Accessing the Application

Once the Docker containers are up and running, the application can be accessed at:

http://localhost:8080/swagger-ui/index.html

Notes

Ensure that port 8080 is free on the host system to run the application.
Docker Compose also opens port 5005 for debugging purposes.

Included Services

The Docker Compose setup includes the following services:

Kafka: For message brokering.
PostgreSQL: As the database.
Zookeeper: For Kafka coordination.
Ledger Application: The main Spring Boot application.
Kafdrop: A web UI for monitoring Kafka messages.

Debugging

To debug the application, connect to port 5005 using your preferred IDE.

Business Logic

The core business logic of this application revolves around maintaining a highly reliable, scalable, and efficient ledger system. The system adheres to principles of immutability, double-entry accounting, concurrency control, efficient aggregations, client-supplied timestamps, atomic transactions, balance caching, audit logging, high throughput, and scalability.

The design and implementation guidelines for this ledger system are based on the comprehensive principles outlined in the document How to Scale a Ledger.pdf.

Summary of "How to Scale a Ledger.pdf"

The document "How to Scale a Ledger" provides a detailed explanation of the necessity and advantages of using a ledger database in financial services. It highlights the challenges faced by companies in tracking and managing money as they scale, such as the need for sophisticated financial reporting, maintaining a clean history of financial events, and ensuring performance and consistency under high loads.

Key features of a scalable ledger database include:

Note: The features highlighted in bold have been implemented in the current project.

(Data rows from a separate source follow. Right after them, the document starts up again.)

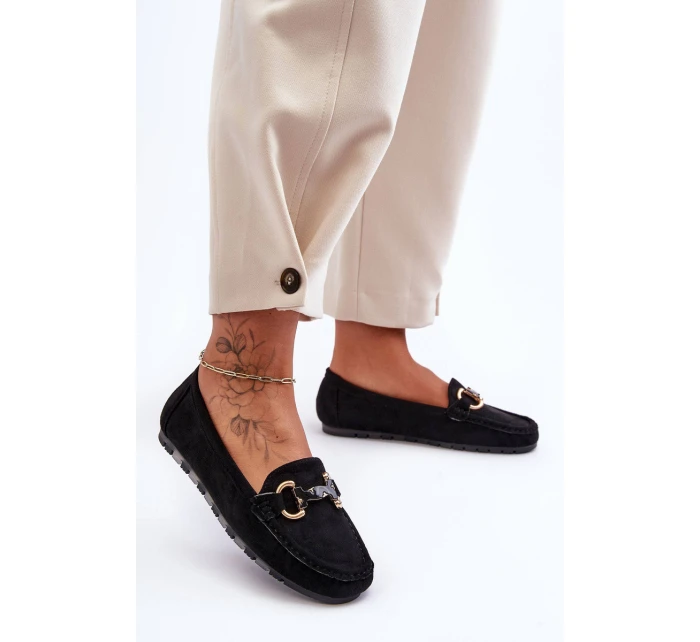 Kožené Dámské Mokasíny S Ozdobou Černé model 21629463 - Boto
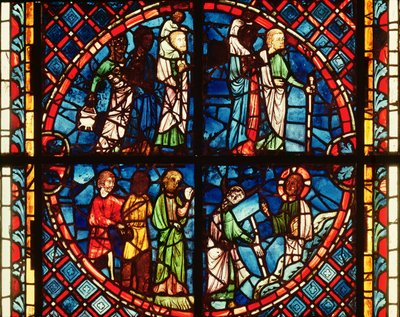 Janela da Capela da Virgem representando os israelitas no Deserto e Moisés no Monte Sinai, c.1240-50 de French School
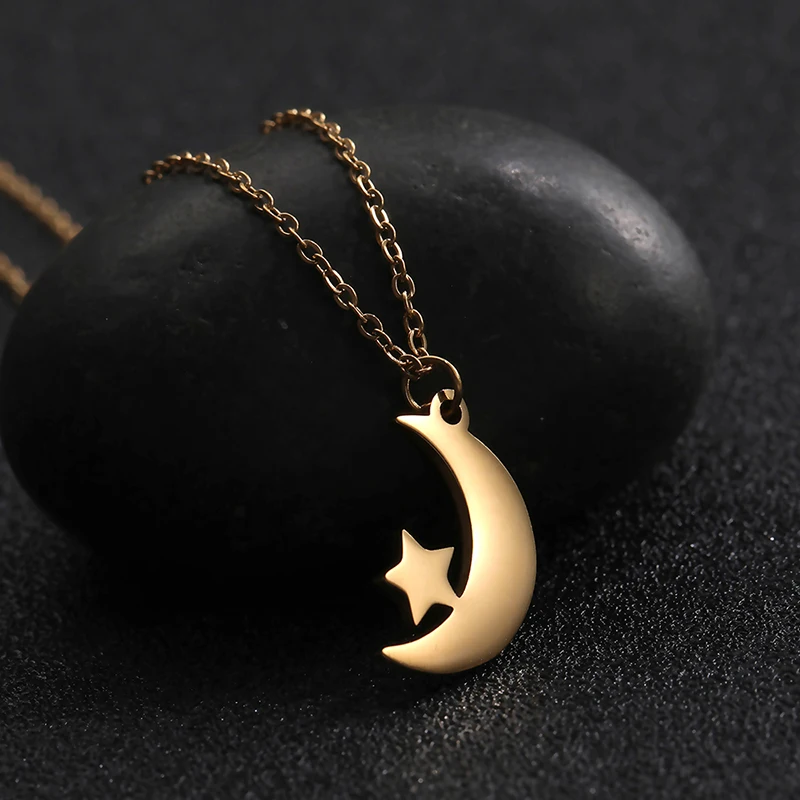 Moon and Star Jewel For Locket Keychain etc Black 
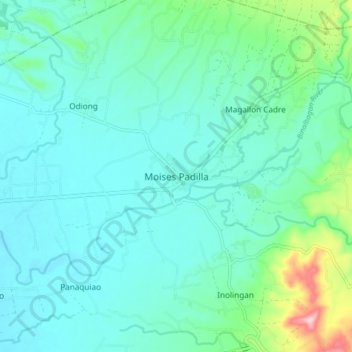 Mapa topográfico Moises Padilla, altitude, relevo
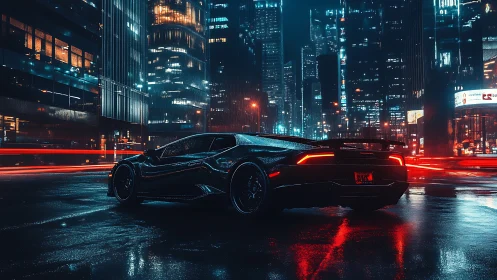 Cyberpunk supercar in neon-soaked nocturnal streetscape composition.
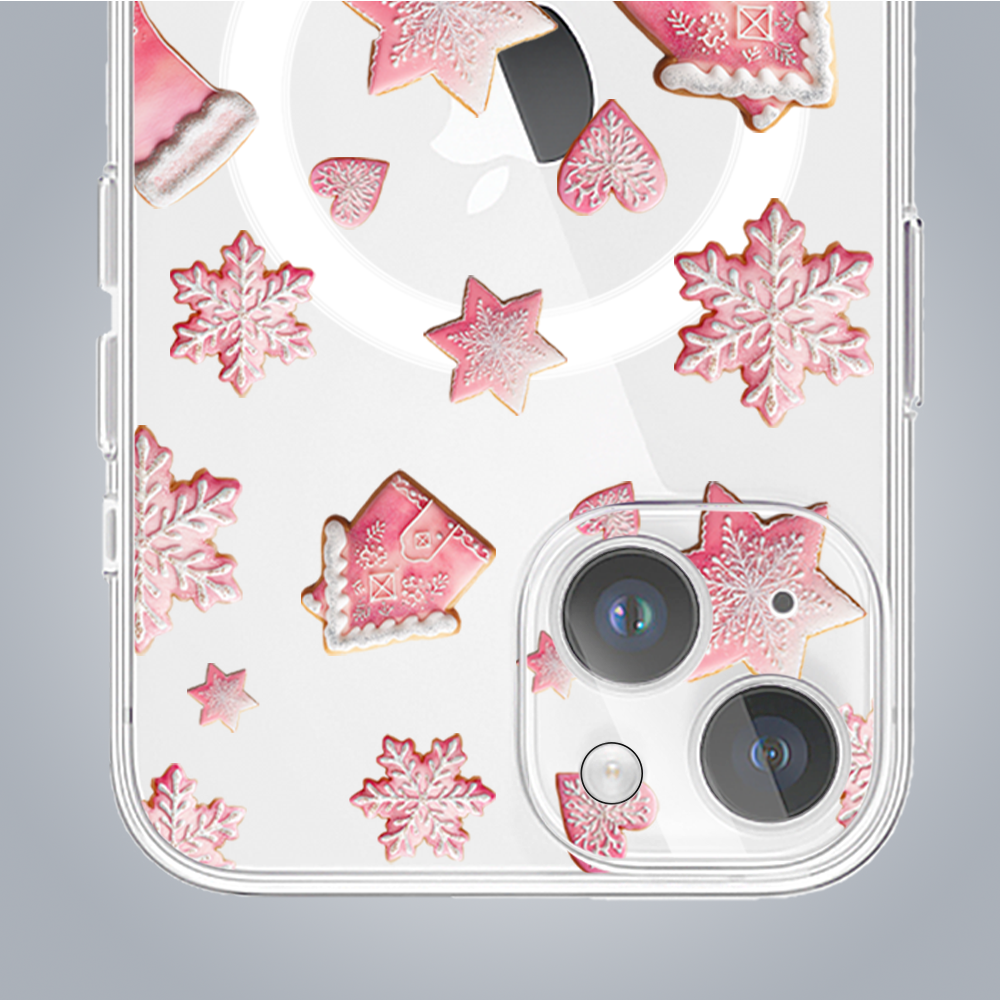 ip 14 ip 13-1Zestaw do iPhone 14: etui, szkło na aparat, power bank, różowe pierniczki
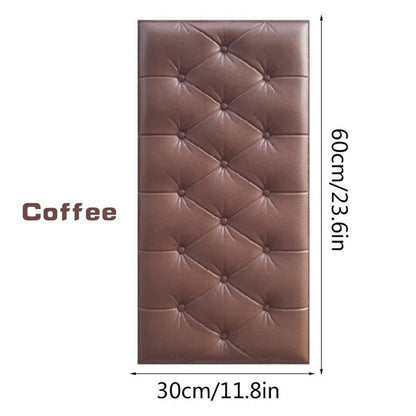3D adhesive wallpaper in coffee color featuring a tufted design, measuring 30cm by 60cm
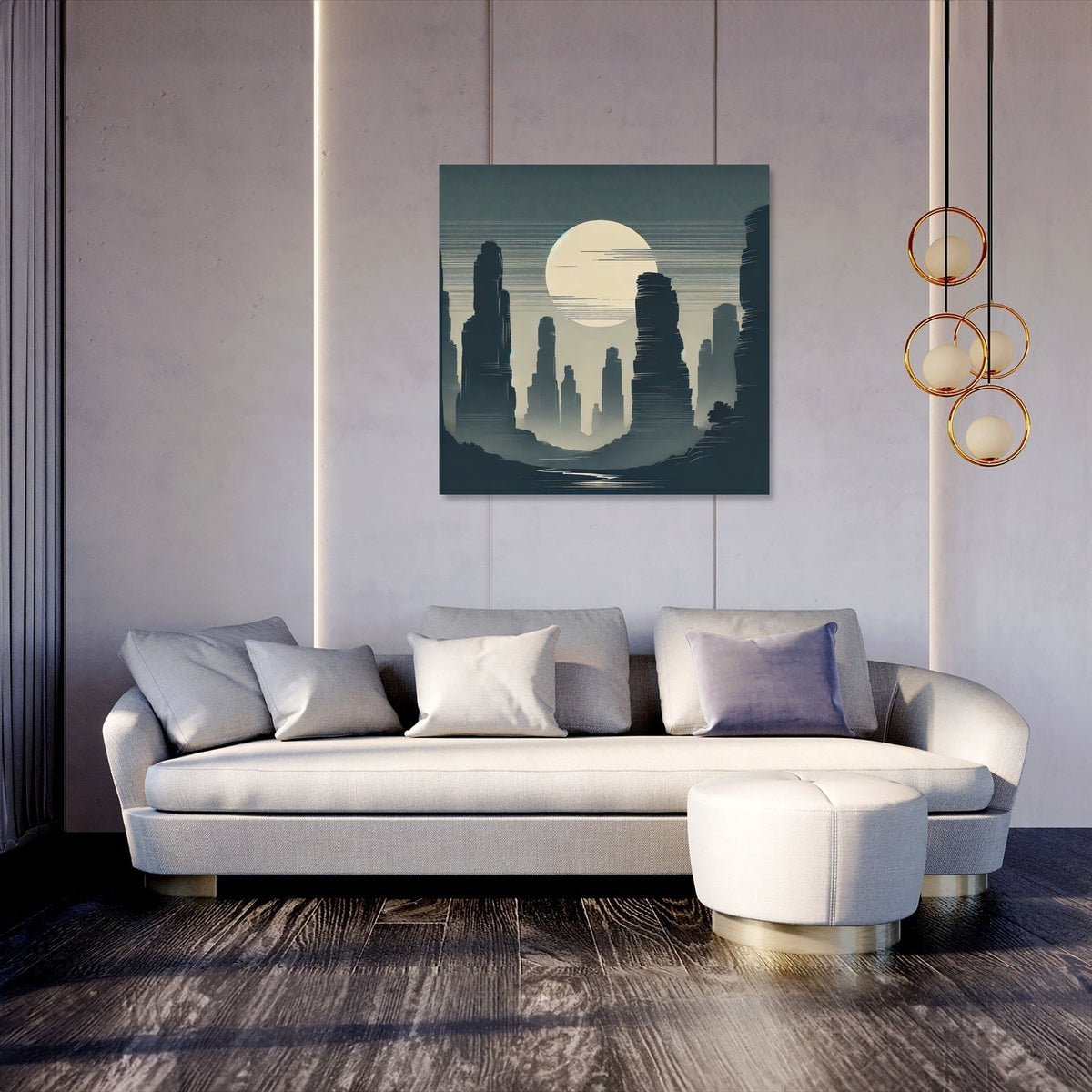 Misty Sandstone Pillars Canvas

The others are planned for future implementation.

Immutability: Ensures every change is recorded and past states can always be retrieved.
Double-entry Accounting: Enforces that money cannot be moved without specifying both the source and destination.
Concurrency Controls: Prevents double-spending of money, even with parallel transactions.
Efficient Aggregations: Facilitates fast computation of financial event summaries.
Client-supplied Timestamps and Account Balance Versions: Maintains consistency and accuracy for historical transactions.
Atomic Transactions: Ensures groups of entries either all succeed or all fail.
Balance Caching: Optimizes for fast retrievals and efficient balance computations.
Audit Logs: Provides traceability and accountability for all financial events.
High Throughput: Supports thousands of writes per second for large-scale money movement.
Scalability: Designed to scale with business needs, potentially through sharding or using scalable databases.

These principles are critical in building a ledger system that not only meets current business needs but can also scale efficiently as the business grows.

Project Features and Requirements

Communication Capabilities

The application can process forex operations either synchronously or asynchronously. This behavior is determined by the payload of the REST request, specifically the "synchronize": false field.

Synchronous Requests: If the request is synchronous, the application processes it directly.
Asynchronous Requests: If the request is asynchronous (i.e., "synchronize": false), the application accepts the request and writes it to Kafka for later processing.

When a request arrives, the application makes a quick check to ensure the cached available balance is sufficient to accept the request. If the cached balance is adequate, the request is accepted. The real available balance, calculated from actual transactions, will be processed during the forex operation. This approach ensures efficient handling of requests while maintaining accuracy and consistency in balance management.

API Documentation

The project's APIs can be reviewed using Swagger. Swagger provides an interactive interface for exploring and testing the APIs. This documentation includes detailed information about each endpoint, including request and response formats, parameters, and example payloads.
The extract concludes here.